Loss Prevention Studies

Loss Prevention Studies Services

Firewater Demand and Hydraulic Analysis

Firewater systems are essential to the safety of many areas within the oil, gas and petrochemicals industry. Firewater Demand Study and Hydraulic Analysis are essential to ensure firewater is adequate during emergency. This study applicable for Offshore (Facilities and Vessels) and Onshore (Facilities and Buildings).

What is Firewater Demand Study?

Firewater Demand is an estimate of fire water required in the worst-case fire scenario in multiple locations concurrently in a facility. The demand uses input from Firewater System design such as P&IDs and Facility’s layouts. The determination of a facility firewater demand includes the minimum volume of water, design flow rate, maximum water velocity within piping and minimum pressure requirement as per COMPANY/Authorities guidelines/ regulations or Codes and Standards.

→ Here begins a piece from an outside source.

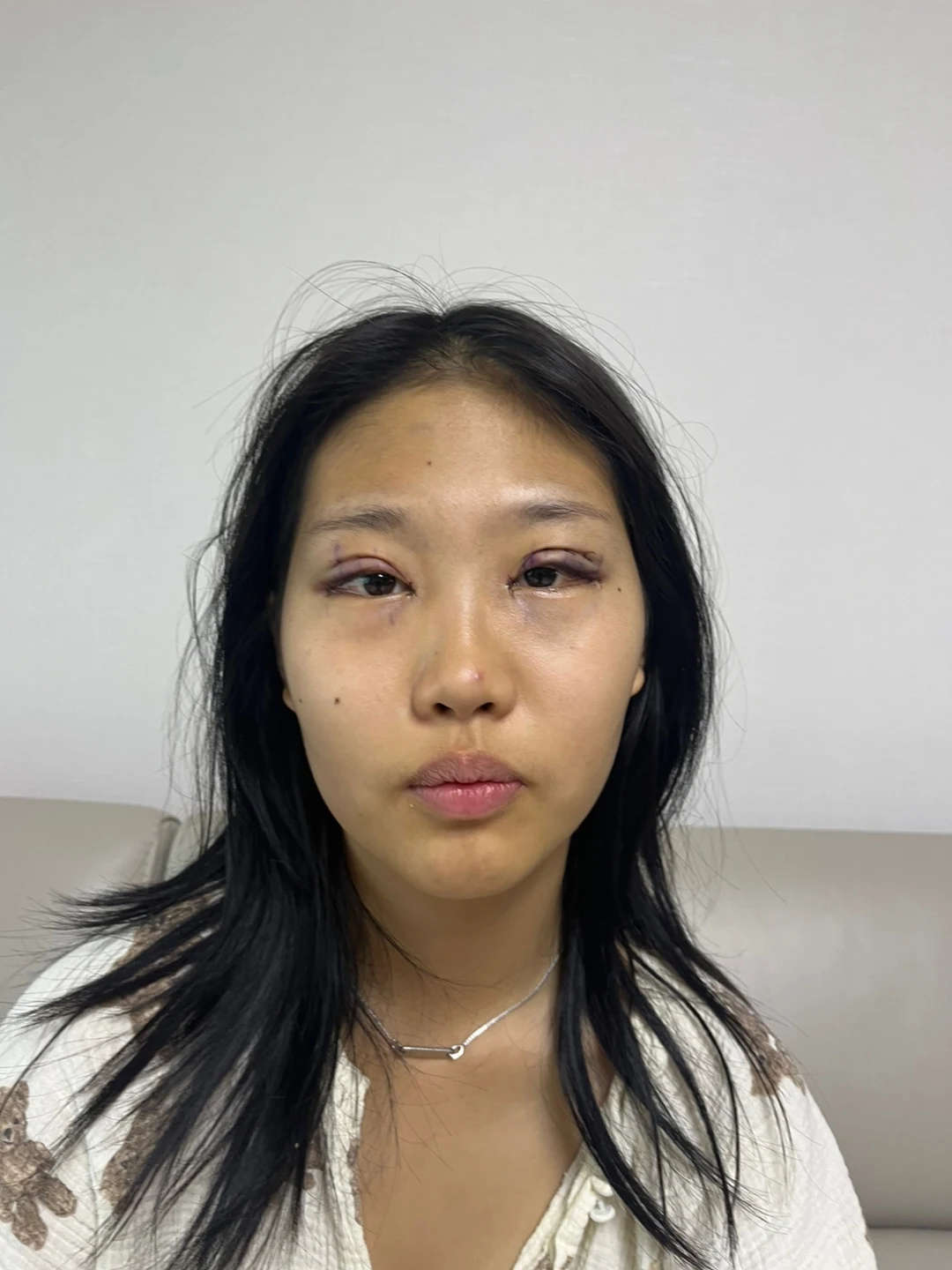 Eye-area comparison: before, treatment day and one month · Case 064 at Answer Plastic Surgery. Front view — treatment day, eye-area comparison at Answer Plastic Surgery (case 064).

What is Firewater Hydraulic Analysis?

Hydraulic Analysis is performed to ensure adequacy of pressure, velocity and flow rate of a Firewater System as stipulated in Firewater Demand Study. This analysis can be carried out for an existing / prospective facility or any extension of an existing plant by utilizing designed piping network, instrument of the facility and water demand required for worst-case fire scenario by using a Software (Pipenet).

Surge Analysis (i.e., water hammer due the transient operations of the pumps and valves resulting in piping fatigue and failure) can be performed as part of the facility firewater hydraulic analysist to avoid any unanticipated failure when on demand.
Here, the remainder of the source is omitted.